Content starts

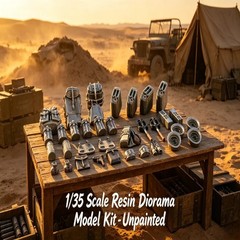Rare Model 1/35 Resin Body Military Vehicle Loading and Accessories Upgrade K…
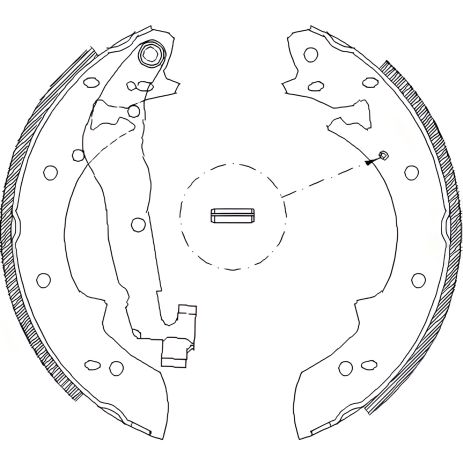 Комплект гальмівних колодок SUZUKI VITARA, RENAULT 16, REMSA 402702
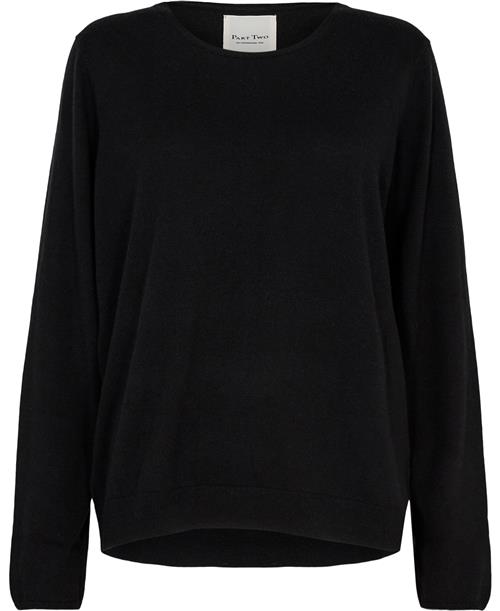 Part Two Adelinepw PU Kvinde Black Sweaters Relaxed Fit Str M - hos Magasin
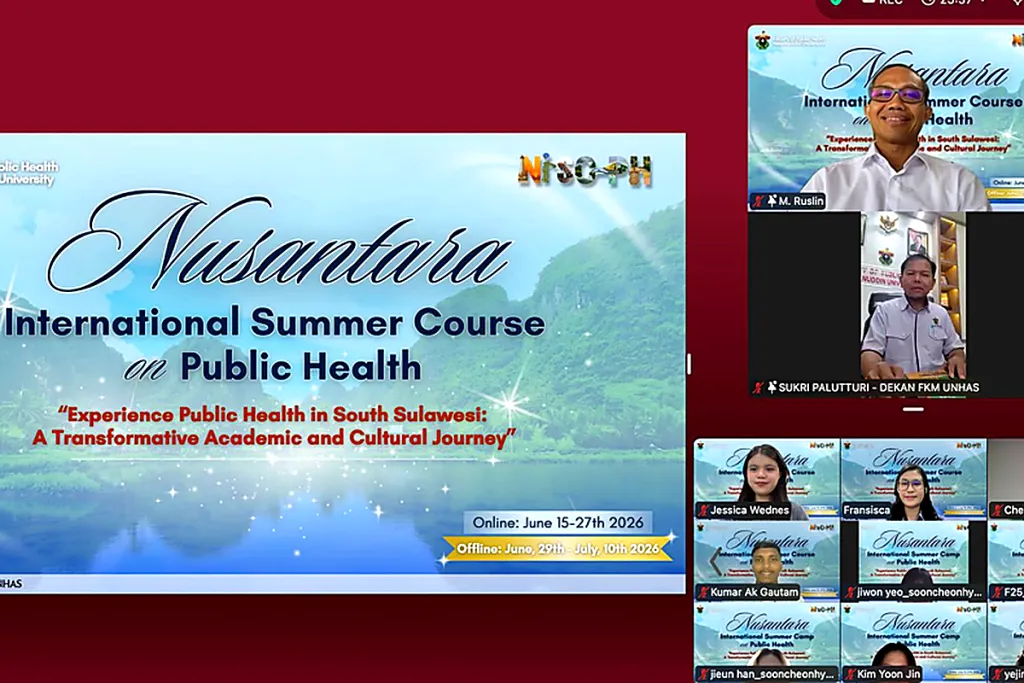FKM Unhas Perluas Jejaring Global Melalui Nusantara International Summer Course on Public Health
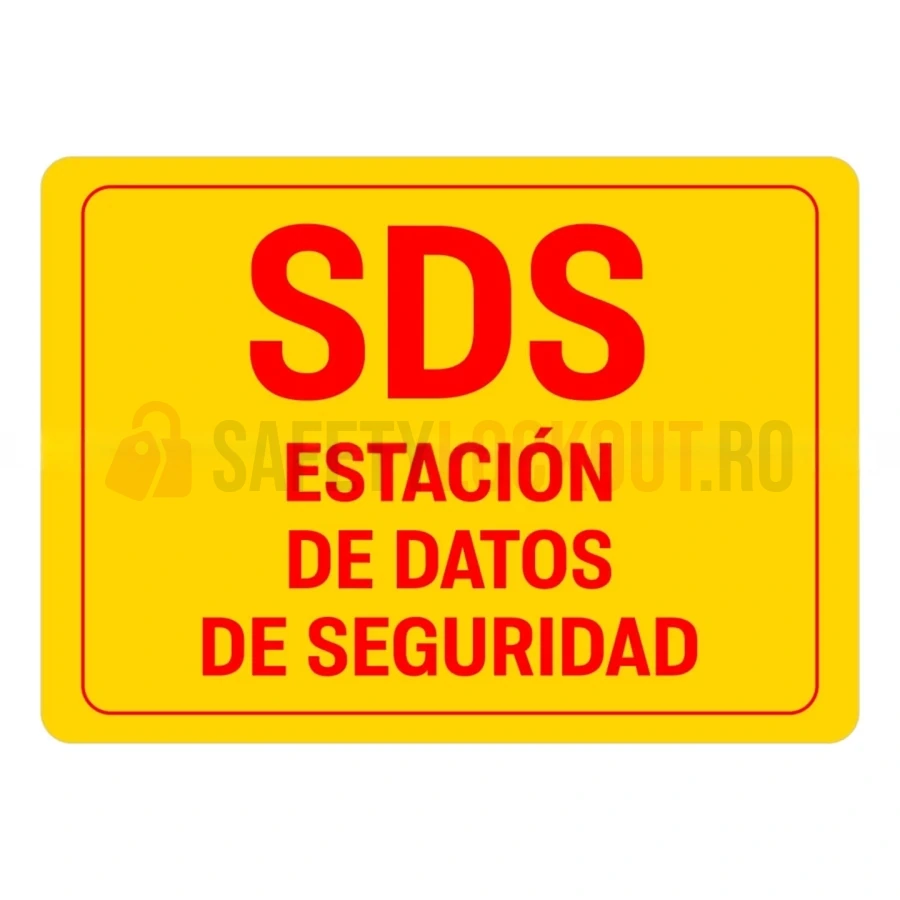Indicator de perete pentru fișe tehnice de securitate MSDS/SDS, galben — Cabinete pentru comunicarea pericolelor și fișe tehnice de securitate (MSDS) | Safety Lockout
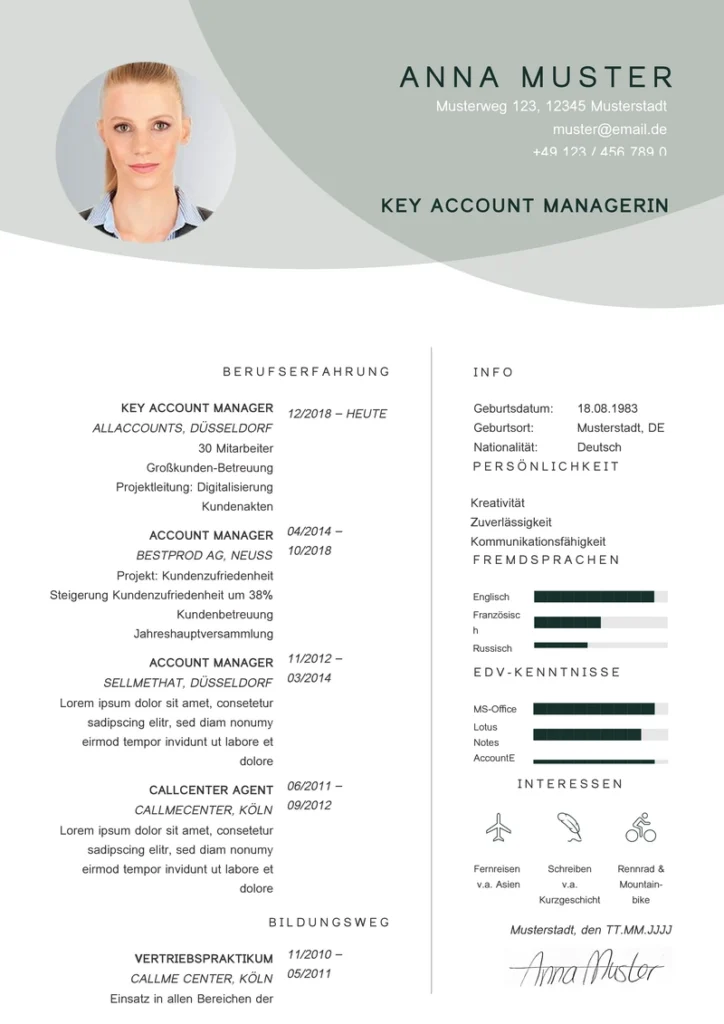 lebenslauf-vorlage-key-account-managerin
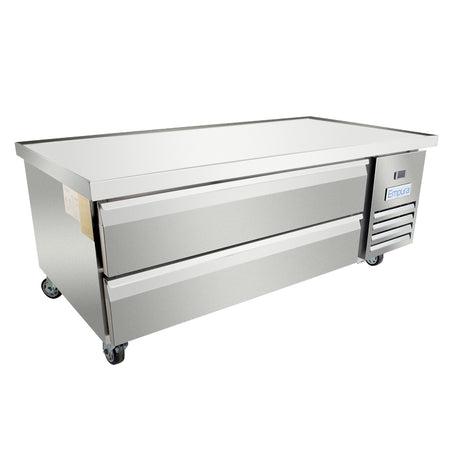 Empura Refrigeration E-KCBRC60 Refrigerated Equipment Stand 62"W X 31.9"D X 26.8"H 9.1 Cu. Ft. Capacity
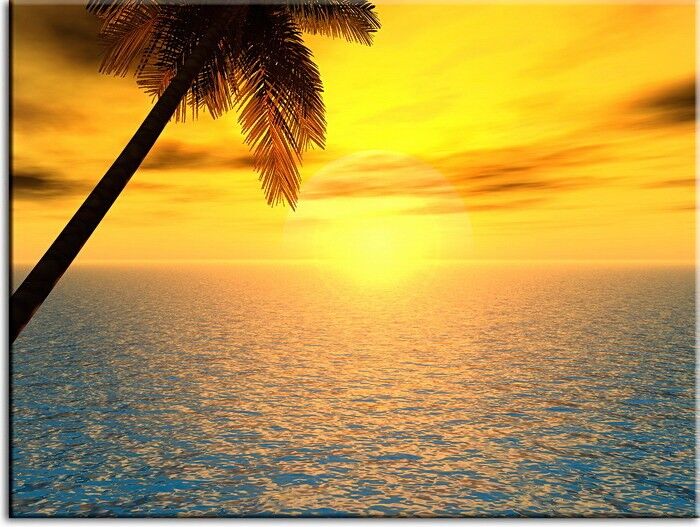 Leinwandbild Sunset Modernes Leinwandbild - Sunset - Sonnenuntergang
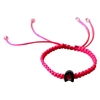 Pulseira EL Macramê Rosa/Ouro Velho PL19.1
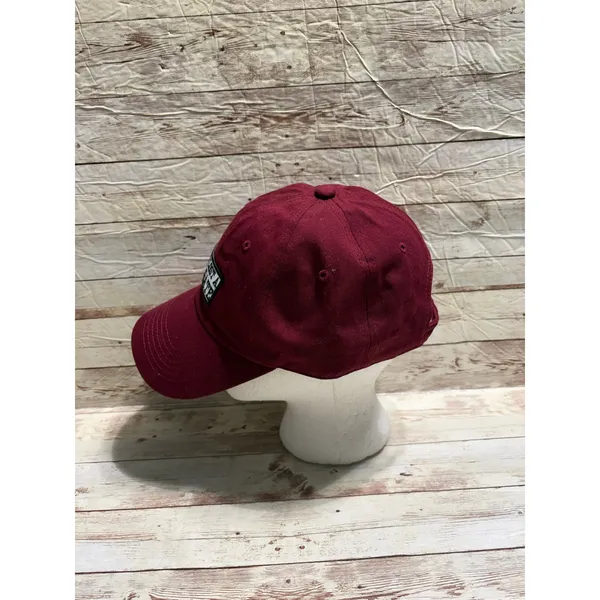 Ethos "Never Lost a Tailgate" Baseball Cap Hat Adjustable O/S Red Crimson New - Image 2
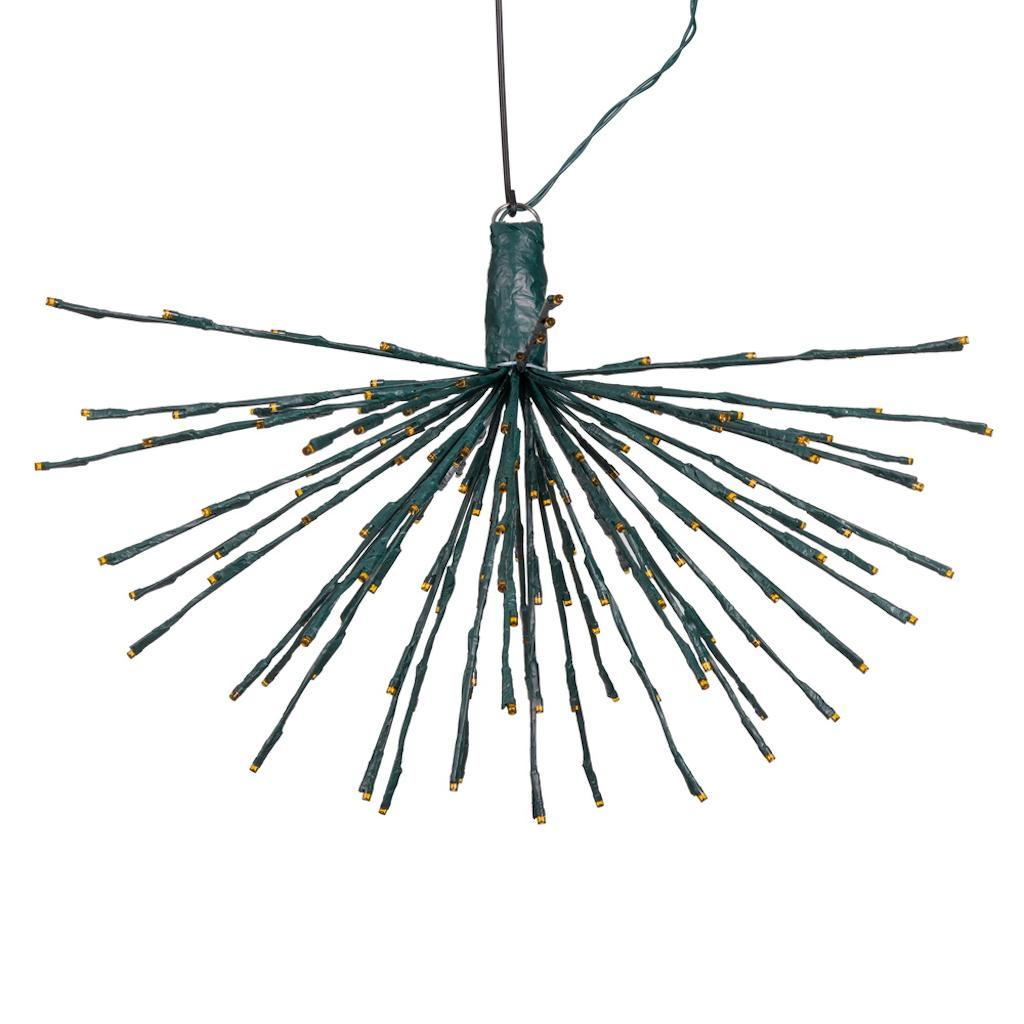 160 Light x 24" 24 volt Green Wire Orange 5mm Lights Starburst LED 1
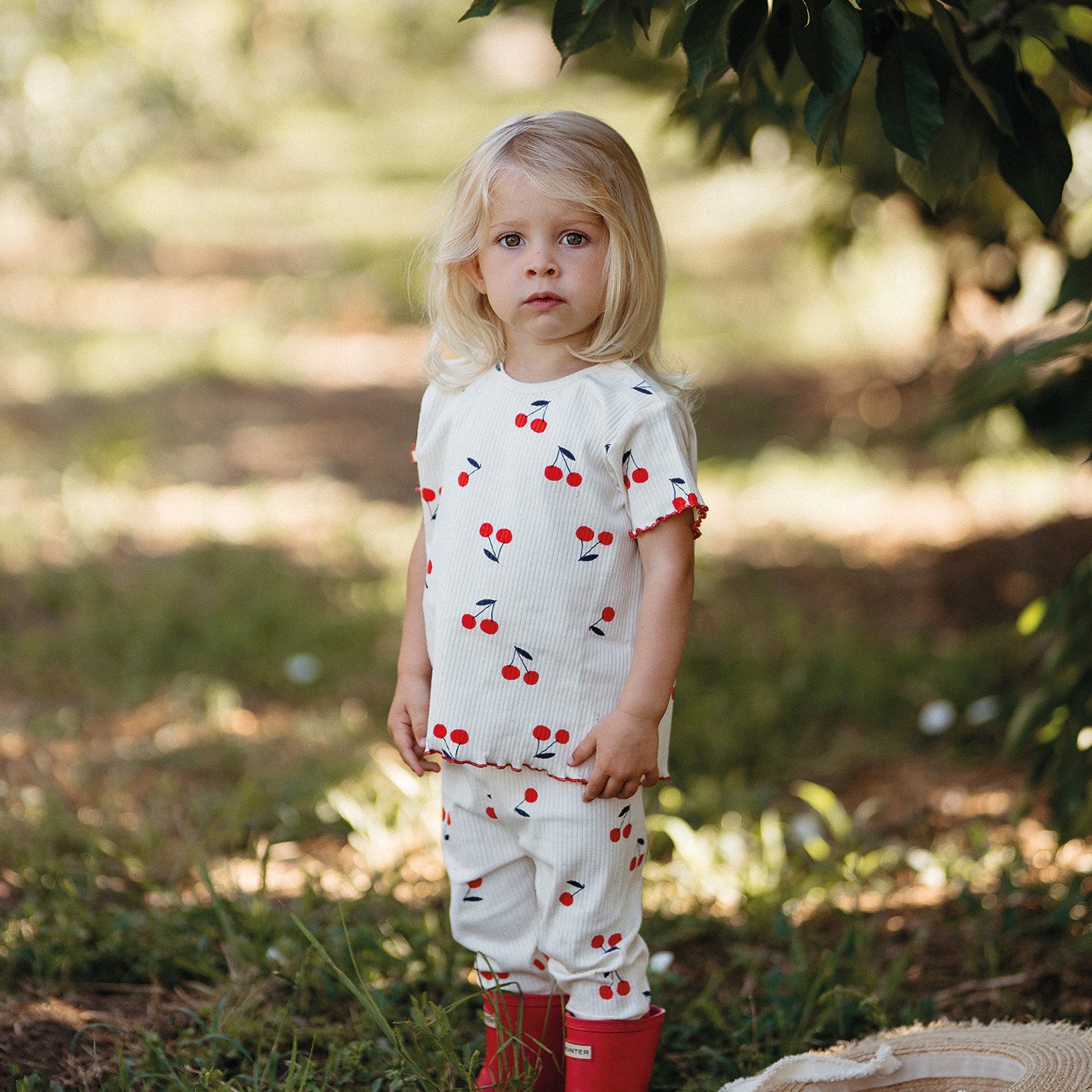 Cherry Tshirt Tights Set image 0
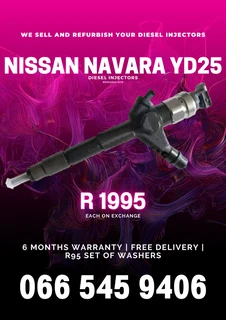 Nissan Navara Diesel Injectors For Sale On Exchange With Warranty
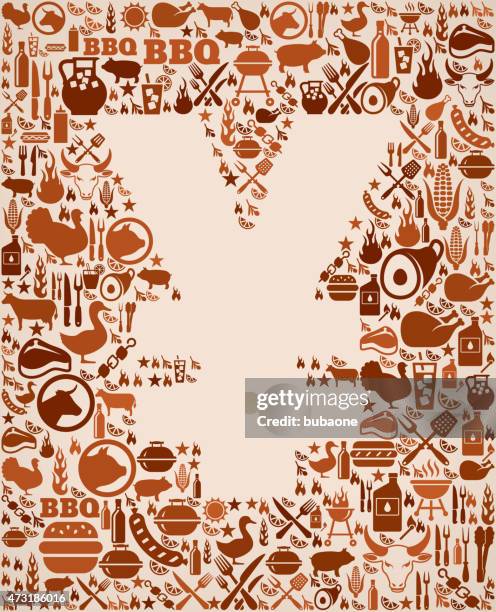 yen sign summer barbecue invitation vector background - flame grill background stock illustrations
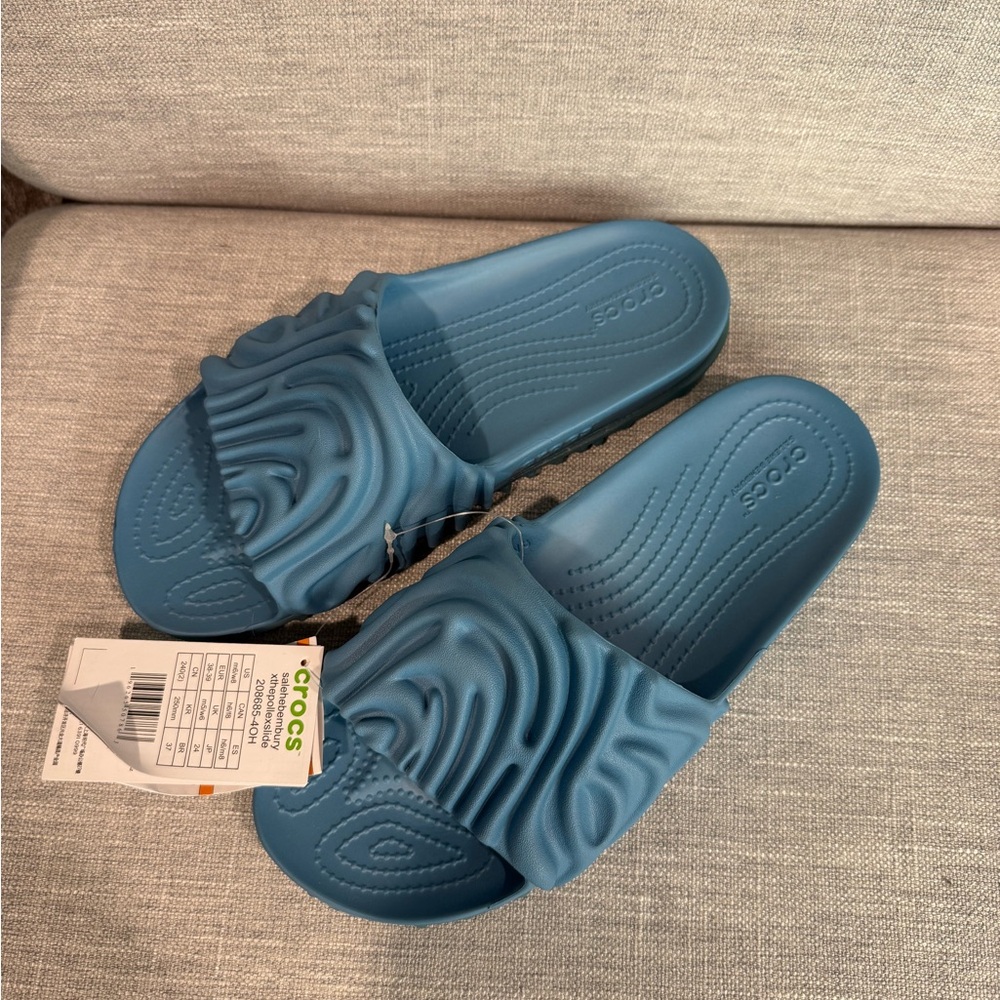 NWT Crocs x Salehe Bembury Pollex Slide Sandals Tashmoo Size Men's 6 / Women's 8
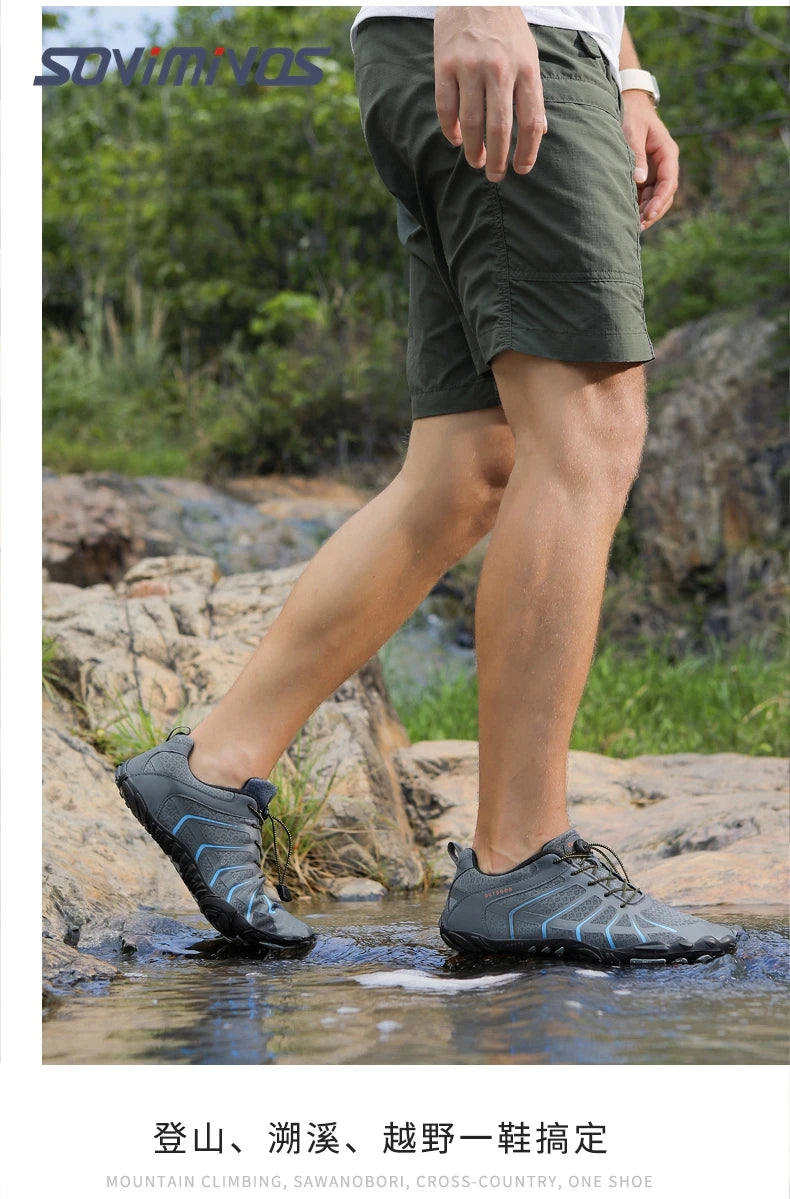 Men's Trail Running Shoes, Lightweight Athletic Zero Drop Barefoot Shoes Non Slip Outdoor Walking Minimalist Shoes for Women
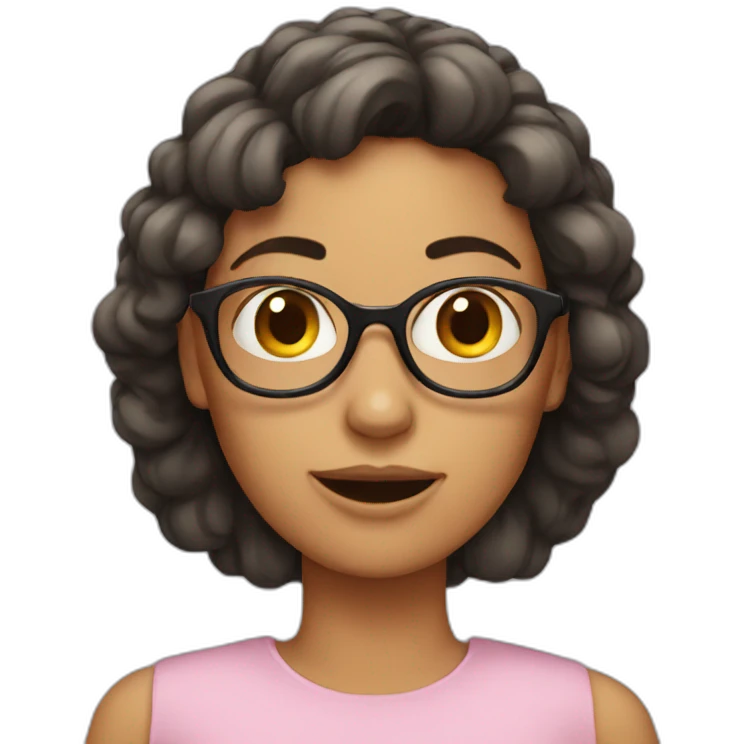 weird woman emoji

Content ends

▸ What you have to do
Working from the records above, reproduce exactly the lines from the one with "Part Two Adelinepw" through the last line, without the pictures.

▸ Finished task
 Part Two Adelinepw PU Kvinde Black Sweaters Relaxed Fit Str M - hos Magasin
FKM Unhas Perluas Jejaring Global Melalui Nusantara International Summer Course on Public Health
Indicator de perete pentru fișe tehnice de securitate MSDS/SDS, galben — Cabinete pentru comunicarea pericolelor și fișe tehnice de securitate (MSDS) | Safety Lockout
 lebenslauf-vorlage-key-account-managerin
 Empura Refrigeration E-KCBRC60 Refrigerated Equipment Stand 62"W X 31.9"D X 26.8"H 9.1 Cu. Ft. Capacity
 Leinwandbild Sunset Modernes Leinwandbild - Sunset - Sonnenuntergang
 Pulseira EL Macramê Rosa/Ouro Velho PL19.1
 Ethos "Never Lost a Tailgate" Baseball Cap Hat Adjustable O/S Red Crimson New - Image 2
 160 Light x 24" 24 volt Green Wire Orange 5mm Lights Starburst LED 1
 Cherry Tshirt Tights Set image 0
 Nissan Navara Diesel Injectors For Sale On Exchange With Warranty
 yen sign summer barbecue invitation vector background - flame grill background stock illustrations
 NWT Crocs x Salehe Bembury Pollex Slide Sandals Tashmoo Size Men's 6 / Women's 8
 Men's Trail Running Shoes, Lightweight Athletic Zero Drop Barefoot Shoes Non Slip Outdoor Walking Minimalist Shoes for Women
 weird woman emoji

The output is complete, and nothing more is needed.